The advantage of folders is two-fold:

  1. Helps you clean up and organize your lists, forms, workflows, etc. into categories via folders
  2. Helps you identify items that can be deleted altogether
Date Conventions

When we are organizing and creating structure, there is often the temptation to think in the short-term, and name, for instance, a list, "May 4th". Before we know it, however, it will be May 4th, 2024, and sooner than later this little detail will cause a lot of confusion. 

Fortunately, HubSpot provides the date itself - which will make your job much easier when it comes to adding in the year-to-date stamps - when and where necessary.

HubSpot’s new List view allows you to sort and filter via columns and properties - very similar to the contact index (this provides slightly less utility than it once did previously). We recommend following through with this as the date of creation of the specific item may vary from the date most relevant to that item.

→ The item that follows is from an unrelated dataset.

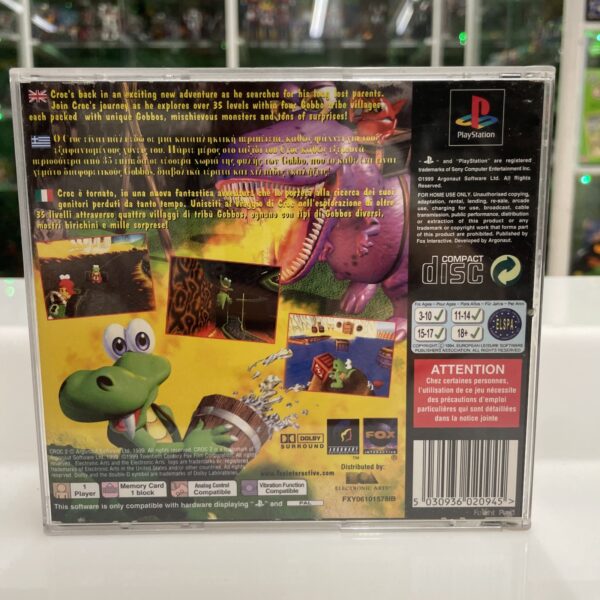 Sony PS1 Playstation 1 - CROC 2 -  PAL ita - immagine 3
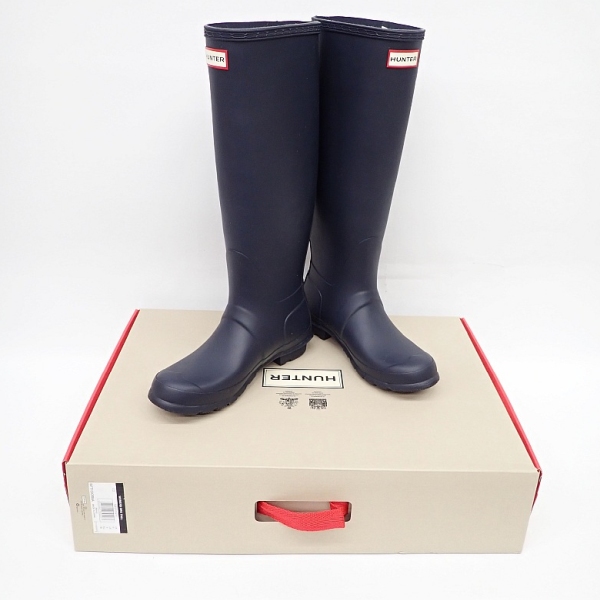 【ハンター】 オリジナルトールブーツ UK6 中古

As an example, you create the May 2023 newsletter, but you began creating it on April 15th, even though the newsletter went out on May 5th, 2023. In such a case - we would recommend providing a date stamp in the title for that list: “[Static] Recipients - 5.5.23 Newsletter.”

Naming Conventions 

Prefixes can be incredibly useful. For instance, when it comes to lists, we recommend starting with the prefix [Active] or [Static] depending on the list type. For Workflows, we recommend starting with a prefix for the Workflow type: [Contact], [Company], or [Deal]. These may be useful also for Landing Pages, Forms, and Sequences, however, the exact prefixes may vary on a case-by-case basis. We do not recommend using prefixes for properties. 

6 Main Aspects 

When you start your audit, you'll need to focus on 6 key areas:

👉 Lists
👉 Workflows
👉 Sequences
👉 Forms
👉 Landing Pages
👉 Properties

Lists

There are two types of lists and two objects which lists can comprise.

Lists can either be:

  • Active: They are dynamically updated in real time based on the parameters set by their filters
  • Static: They are like active lists but only reflect the objects that apply to the filters in that moment of time (you can think of it as a snapshot or a freeze-frame in time)

With respect to objects, lists can either be based on:

  • Contacts: The HubSpot object that governs individual or;
  • Companies: The HubSpot object that governs business entities

You can either create 4 folders - or 2 folders within 2 folders. We don’t have a particularly strong recommendation here as it is purely an aesthetic preference. If you are unsure, we recommend that you maybe try one setup, and then the other to figure out which option works best for your organization. 

Workflows

There are 2 routes you can take with workflows.

  1. You can begin sorting by Object Trigger: Create folders for Contact, Company, Deal Workflows, etc.
  2. As an alternative, you can sort workflows into folders by department, thus creating folders for Marketing, Sales, and Service departments within your organization

You should be mindful of, and look to archive and/or delete, workflows that are inactive. You will receive alerts from HubSpot regarding workflows with issues that need to be addressed.

Sequences

Sequences are very similar to workflows. Unlike workflows, however, they involve (at least one) manual process to trigger certain steps. 

👉 This step – usually (if not always) is conducted by a member of the sales team. For this reason, you should work with the sales team when auditing this component of the HubSpot portal. 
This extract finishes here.